They decided to initially plant a French-American hybrid, Vidal Blanc, for a white, and a vinifera, Cabernet Franc, for a red.
The results — after waiting so many years — have been inspiring, Ryan adds. “We are planting four more acres. And we are open to planting vinifera, hybrids and even Hudson Valley native grapes. We’re still deciding.”
“Everyone in the family weighs in,” Ryan continues. “We have aunts, uncles, cousins, the whole Robibero crew down here on the weekends sampling our latest efforts and working in the vineyard. We do blind tastings with different percentages of varietals blended in. The favorite is the blend we choose.”
This year, Robibero will produce about 2,500 cases, using 10-15% of their own grapes, with the rest coming in from the North Fork and the Finger Lakes. Their 2012 Cabernet Franc won a double gold medal in the Hudson Valley Wine competition, but their 87 North, named after the NYS Thruway – a blend of Vidal Blanc and Cayuga White – and for the first time this year brimming with estate-grown fruit, is Ryan’s favorite.

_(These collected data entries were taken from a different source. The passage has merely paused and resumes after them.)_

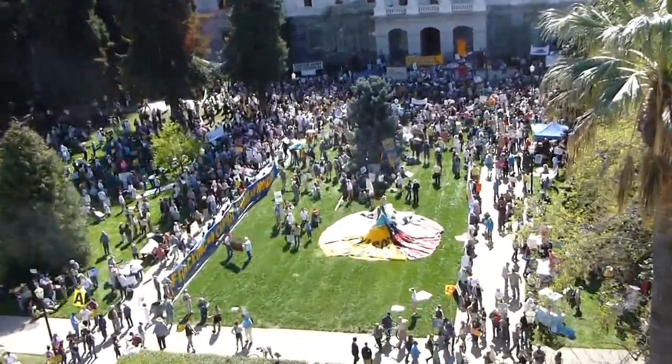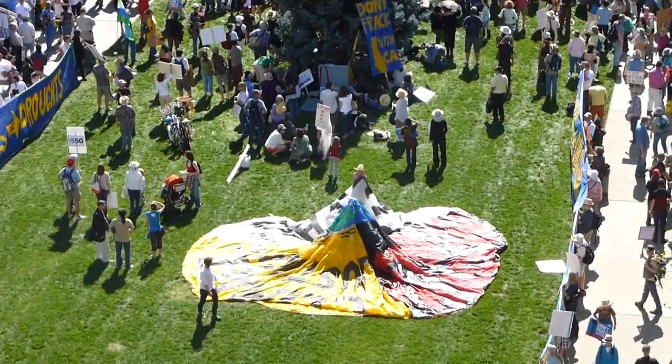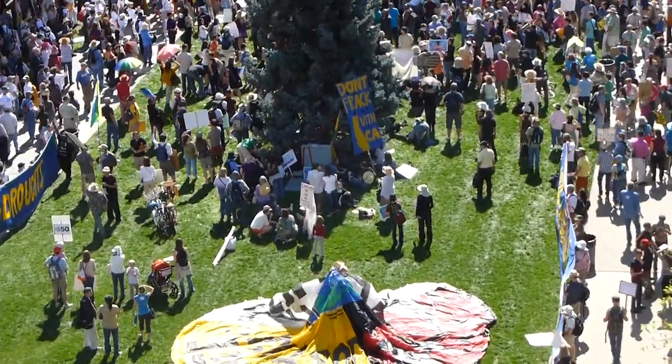So everyone on the left hand side — you see that tree in the middle? Everyone on the left hand side, raise your hand. Hands in the air.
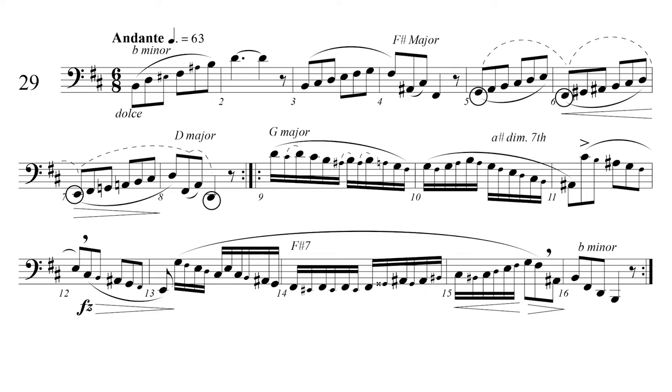An understanding of the harmonic structure of the melodic patterns can enhance your musical expression. This etude is in B minor. The first measure almost looks like a scale, but it is really a B minor arpeggio with lower chromatic neighbors below the F sharp and B. These notes become like the spice of a measure and I like to stress them a bit. Another option would be to de-emphasize them and bring out the arpeggio notes. Either is more interesting than just playing everything the same.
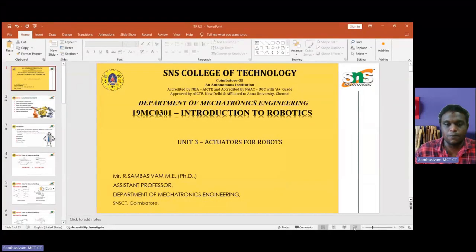Today we are going to discuss a new topic in the introduction to robotic systems. This is Unit 3, compared to the previous sessions, to understand the basics of how the robot finger mechanism and robot actuation mechanisms work.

“I can taste our terroir in it,” he explains. “It reflects the grapes of the entire state, which is why we named it after the Thruway, but you really get Hudson Valley terroir in every sip. The deep minerality, the shale. It’s a beautiful New York white.”
The spirit of the winery is also fresh, young, unexpected and distinctively Hudson Valley.

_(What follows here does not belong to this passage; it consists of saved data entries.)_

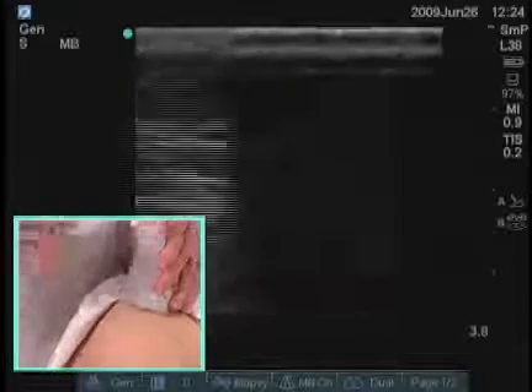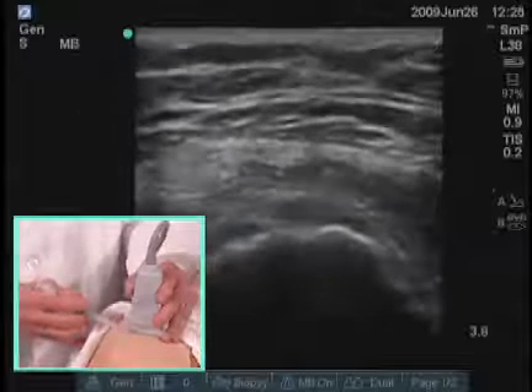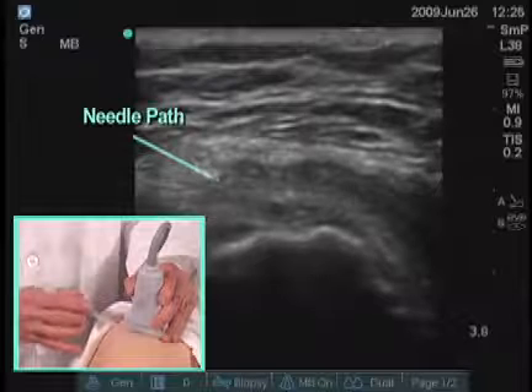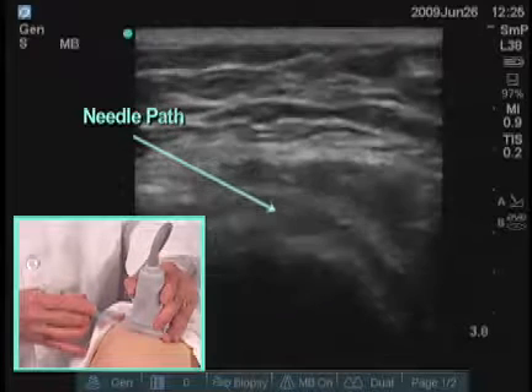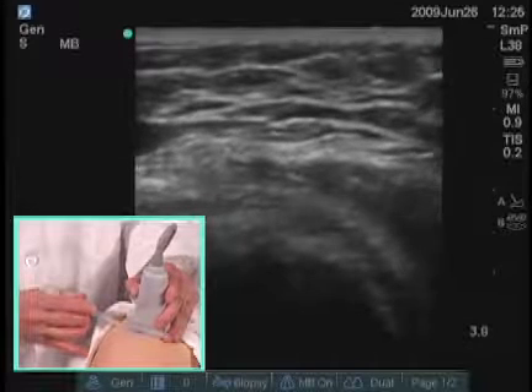This can also be injected in a transverse plane this way. Sometimes it's easier to have the alignment going in the same direction as you're looking. So I'm looking across the patient at the ultrasound screen, and I now have my transducer pointing in that direction.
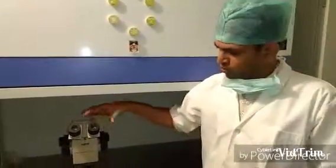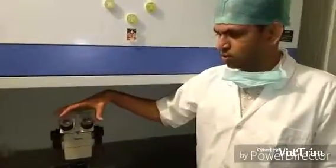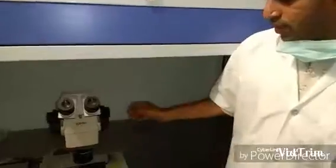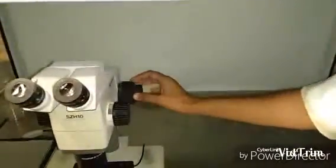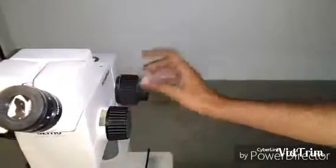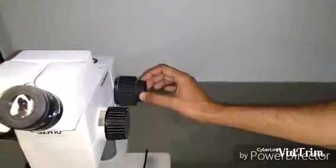The StereoZoom Microscope is a binocular microscope. As you can see it has got two eyepieces. We can adjust the focus using these knobs here. This big knob is for the coarse adjustment and the small one is for the fine adjustment.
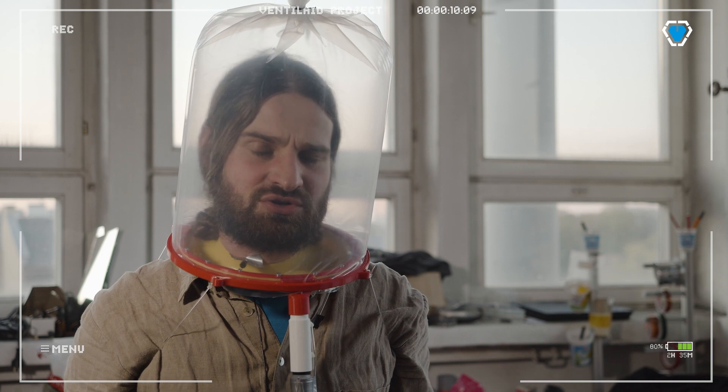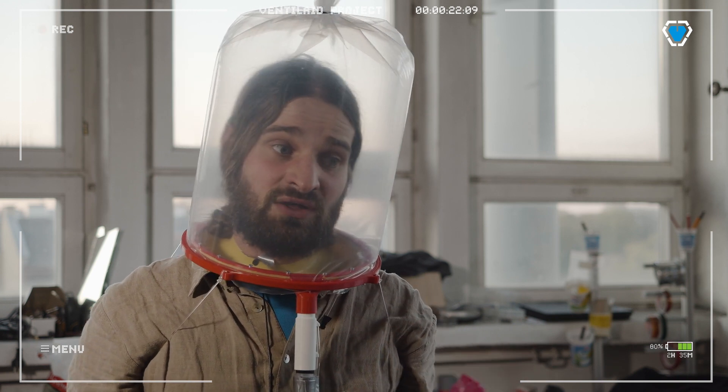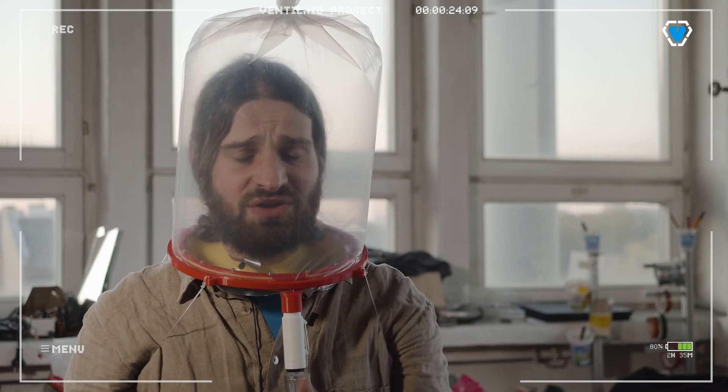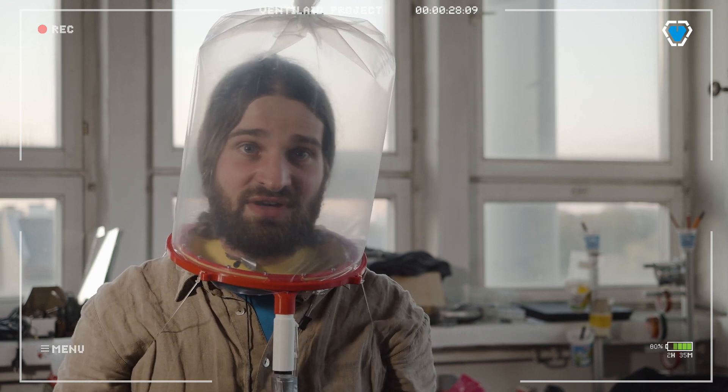Hey guys, I'm not sure if you can recognize me, but this is Szymon from Ventilate speaking to you again. And no, it's not that on the weekends we make movies of crappy science fiction from the fifties or sixties. It is that we are trying to find a way to provide you with some less invasive, non-invasive ventilation.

“…because we’re new and green, we have taken risks and made discoveries and been able to explore the terroir of the Hudson Valley in a way that seasoned pros might not be able to.”
Hudson-Chatham is the Lady Gaga of Hudson Valley wineries, transforming oddness into art. The winery was created, in a sense, to celebrate the terroir of the Hudson Valley. Founder Carlo DeVito who owns the winery with his wife Dominique is devoted to the history and tastes indigenous to the region.

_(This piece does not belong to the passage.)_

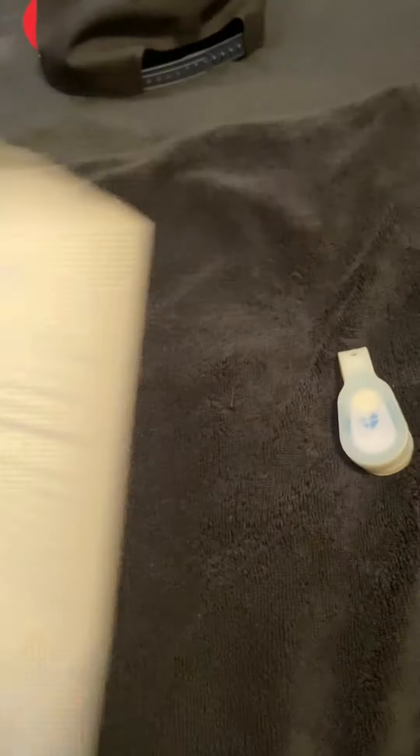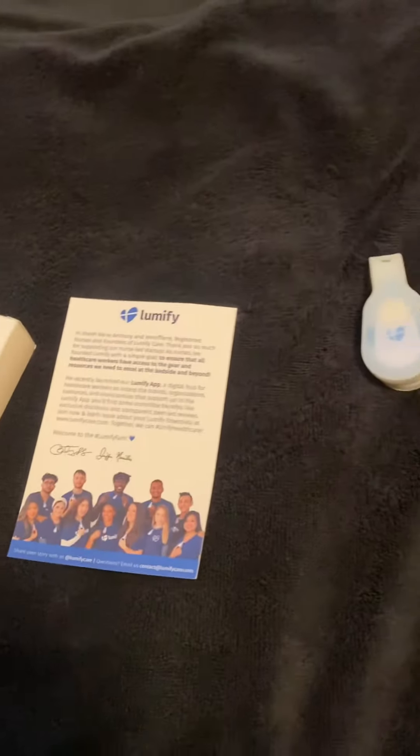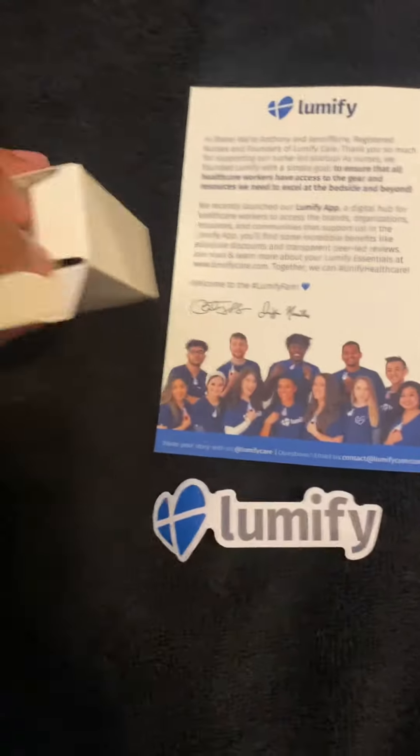Get your card here and a reference to the app. Nice little sticker — all right, here it is. This baby!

“Our winemaker Steve Casscles collects grapes like Imelda Marcos collects shoes,” Carlo tells HVWM. “Steve has amazing grapes from his time at Benmarl in the 1970s. He started working there in high school and became fascinated by the variety of grapes we can grow in this region. We have five acres planted on site and Steve has his own vineyard across the river. He has 30-40 varieties growing on his farm. We are working together to bring back certain historic and heirloom grapes.”
They have had the most commercial success with wines made from the obscure hybrid Chelois. Their Chelois Casscles Vineyard wine has appeared at a number of critically acclaimed restaurants from Manhattan to Albany, including restaurants at the Culinary Institute of America. Hudson-Chatham’s Baco Noir, another hybrid, is often likened to a Burgundy grand cru.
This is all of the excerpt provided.